周 赛 补 题

竞赛 - 力扣 (LeetCode)

1.竞赛 - 力扣 (LeetCode)

一次遍历即可，注意x = 0的情况，这种情况下a/0是没有意义的，要返回0

class Solution {
public:
    int averageValue(vector<int>& nums) {
        int x=0,a=0;
        for(int i=0;i<nums.size();i++){
            if(nums[i]%2==0&&nums[i]%3==0) {
                a+=nums[i];
                x++;
            }
        }
        return x==0? 0:a/x;
    }
};

2.力扣

多重哈希表查询，按照题意往下模拟即可，本题难点在于条件分支比较多容易忽略，和注意过程中有多个view相加溢出的情况，需要定义long long 类型 求最大值，防止数溢出.

class Solution {
public:
    vector<vector<string>> mostPopularCreator(vector<string>& creators, vector<string>& ids, vector<int>& views) {
        vector<vector<string>> vec;
        map<string,long long> mp;
        //mp1对应creators映射ids[i]
        map<string,string> mp1;
        map<string,int> mp2;
        map<string,long long>::iterator it;
        long long max_num = 0;
        for(int i=0;i<creators.size();i++){
            string a = creators[i];
            string b = ids[i];
            if(!mp1.count(a)){
               mp1[a] = b;
               mp2[a] = i;
            }
            if(mp1.count(a)&&views[i]>views[mp2[a]]){
                mp1[a] = b;
                mp2[a] = i;
            }
            if(mp1.count(a)&&views[i]==views[mp2[a]]&&ids[i]<ids[mp2[a]]){
                mp1[a] = b;
                mp2[a] = i;
            }
        }
        for(int i=0;i<views.size();i++){
            string s = creators[i];
            mp[s]+=views[i];
            max_num = max(mp[s],max_num);
        }
        for(it=mp.begin();it!=mp.end();it++){
            if(it->second==max_num){
                vector<string> a;
                a.push_back(it->first);
                a.push_back(mp1[it->first]);
                vec.push_back(a);
            }
        }

        return vec;
        
    }
};

竞赛 - 力扣 (LeetCode)

1.力扣

找到差值数组不同的唯一一个字符串，可以用string来对比例如"abc"=>"3,-1,"

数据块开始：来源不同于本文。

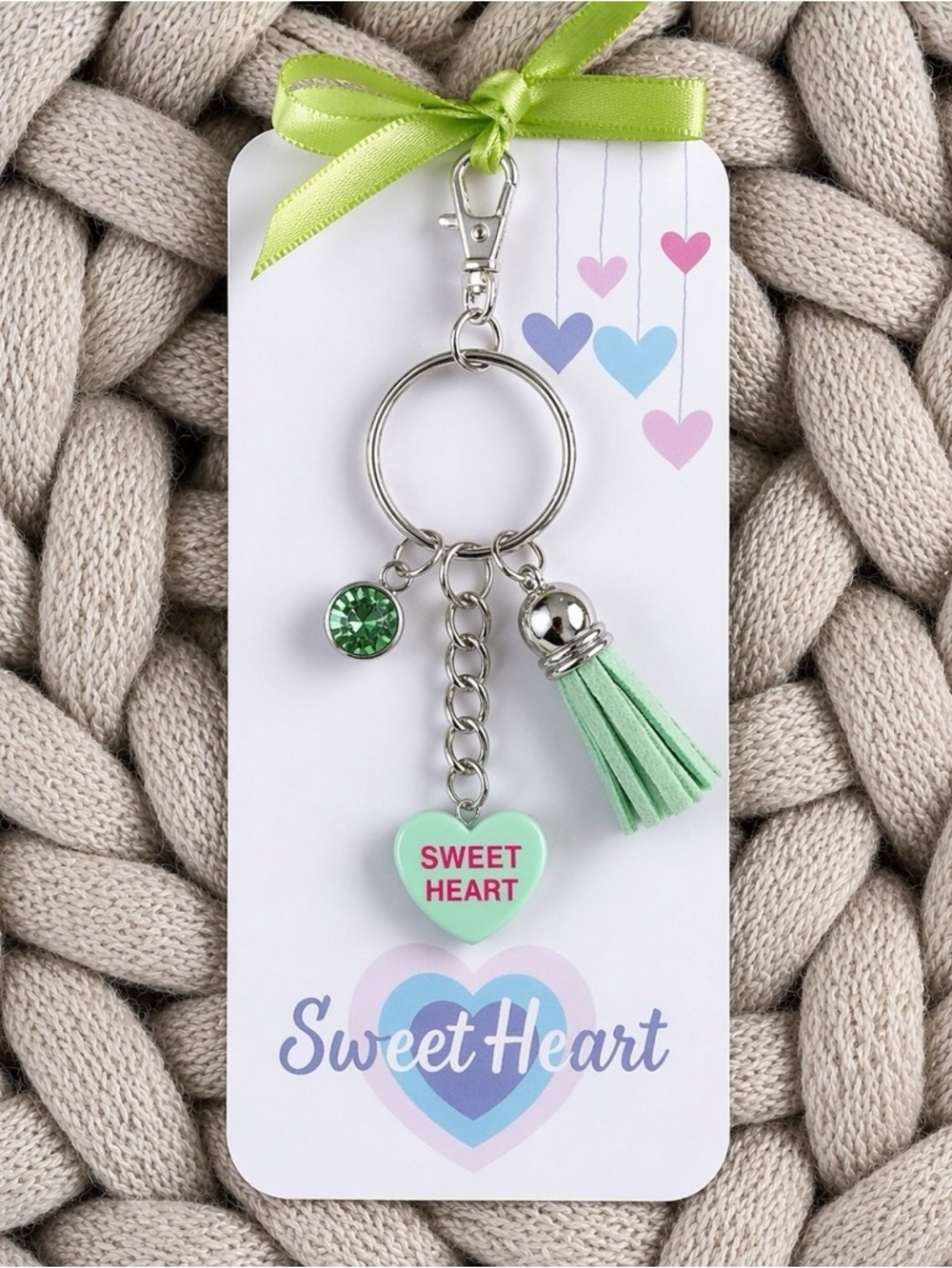 New Handmade Green “Sweet Heart” Keychain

建立条件：用哈希表(count)存储字符跟下标pair<string,int>,两组下标和ans=0

解决条件：count.size == 2, ans-curIndex

class Solution {
public:
    string oddString(vector<string>& words) {
        int m = words.size();
        int n = words[0].size();
        unordered_map<string, int> count;

        int ans = 0;
        for (int i = 0;i < m;++i)
        {
            string index_str;
            for (int j = 0;j < n - 1;++j)
            {
                index_str = index_str + to_string(int(words[i][j + 1]) - int(words[i][j])) + ",";
            }

            if (count.size() < 2 && !count.count(index_str))
                count[index_str] = i, ans += i;
            else if (count.size() == 2)
            {
                ans -= count[index_str];
                break;
            }

        }

        return words[ans];
    }
};

2.力扣

 循环遍历查询，如果匹配字母不同count+1

class Solution {
public:
    vector<string> twoEditWords(vector<string>& queries, vector<string>& dictionary) {
        vector<string> ans;
        int n = queries[0].size();

        auto isMatch = [&](const string& q, const string& d) {
            int count = 0;
            for (int i = 0;i < n;++i)
                if (q[i] != d[i]) ++count;

            return count <= 2;
        };

        for (auto&& q : queries)
        {
            for (auto&& d : dictionary)
            {
                if (isMatch(q, d))
                {
                    ans.emplace_back(q);
                    break;
                }
            }
        }

        return ans;
    }
};